[Work instructions] Transcribe the listing below exactly, from its first line through the line with "Hi everyone, I". Omit the pictures.

[Data shown]
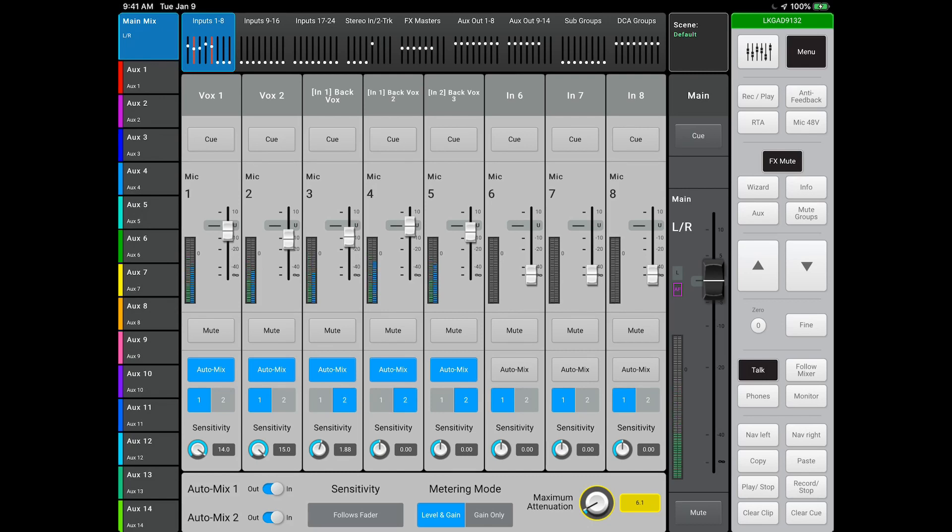So I hope you enjoyed this quick how-to on the QSC TouchMix 30 Pro and the AutoMix feature. Until next time, play loud!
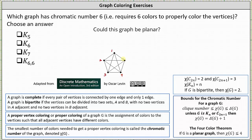Following for the last vertex, which is adjacent to all the vertices colored 1, 2, 3, and 4, it must have its own color — we'll call it color 5. Notice how the complete graph on 5 vertices has a chromatic number of 5, because 5 is the smallest number of colors needed to get a proper vertex coloring such that all adjacent vertices have different colors.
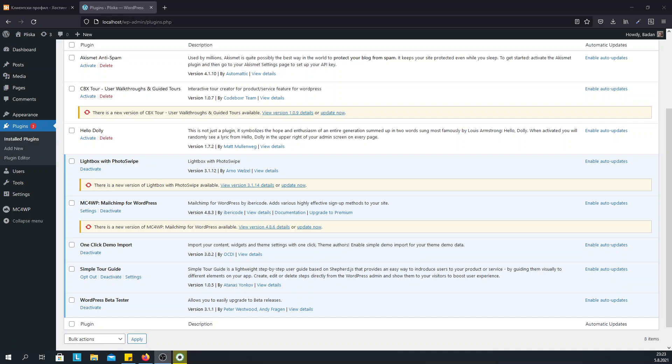Hi everyone, I am Atanas Yonkov and I will show you how to create user introduction tour using the SimpleTour Guide plugin.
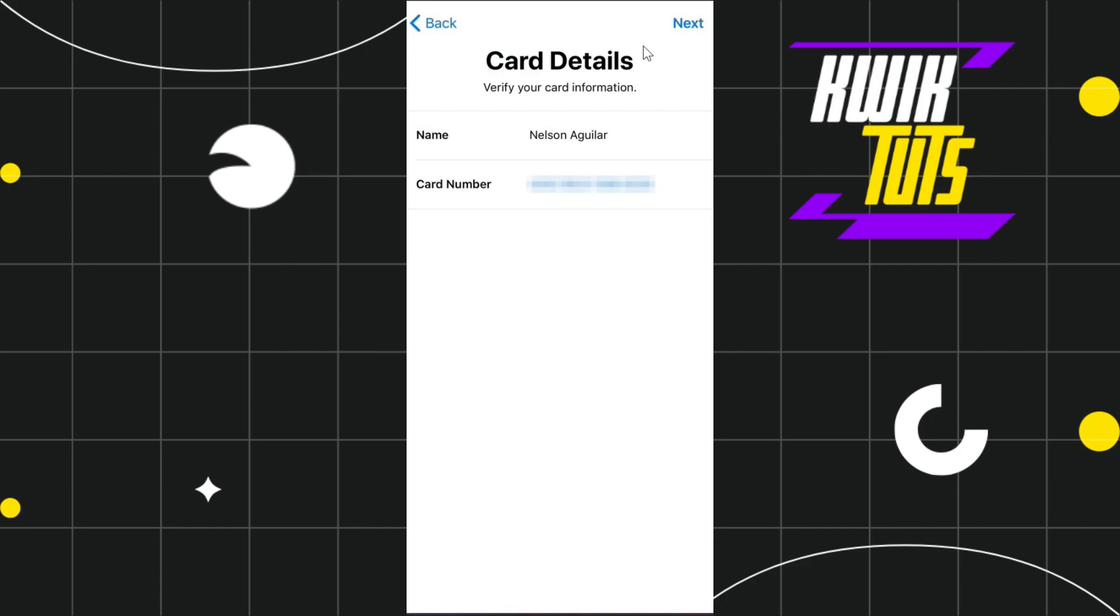Where first you'll need to enter your name associated with your Apple Pay account, and then you'll enter your Chime card number. Once you've done that, click the Next button in the top right hand corner of the screen.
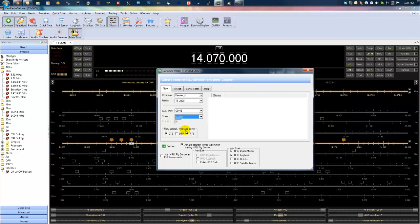You're going to want to make sure you pay attention to the clear to send and ready to send things here, whether or not your radio supports them or requires them. This is probably information you should know. If you do not, consult your manual. This is good reading and it's the kind of stuff you should probably know by now.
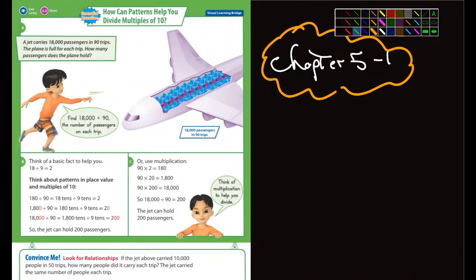Okay fifth graders, we are now in chapter five section one and we're looking for patterns for division. The first example they give us here — a jet airplane carries 18,000 passengers in 90 trips — and then it says how many passengers does the plane hold.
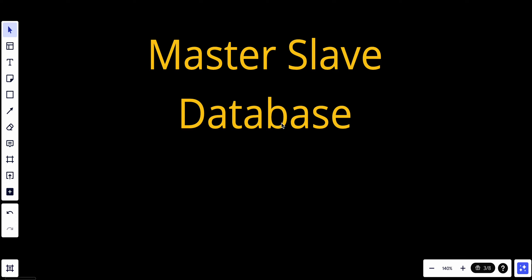Hey YouTube, today we're continuing our course in system design fundamentals. We will talk about the master-slave database, what is this architecture, and why we need it.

[Output for this task]
So I hope you enjoyed this quick how-to on the QSC TouchMix 30 Pro and the AutoMix feature. Until next time, play loud!
Following for the last vertex, which is adjacent to all the vertices colored 1, 2, 3, and 4, it must have its own color — we'll call it color 5. Notice how the complete graph on 5 vertices has a chromatic number of 5, because 5 is the smallest number of colors needed to get a proper vertex coloring such that all adjacent vertices have different colors.
Hi everyone, I am Atanas Yonkov and I will show you how to create user introduction tour using the SimpleTour Guide plugin.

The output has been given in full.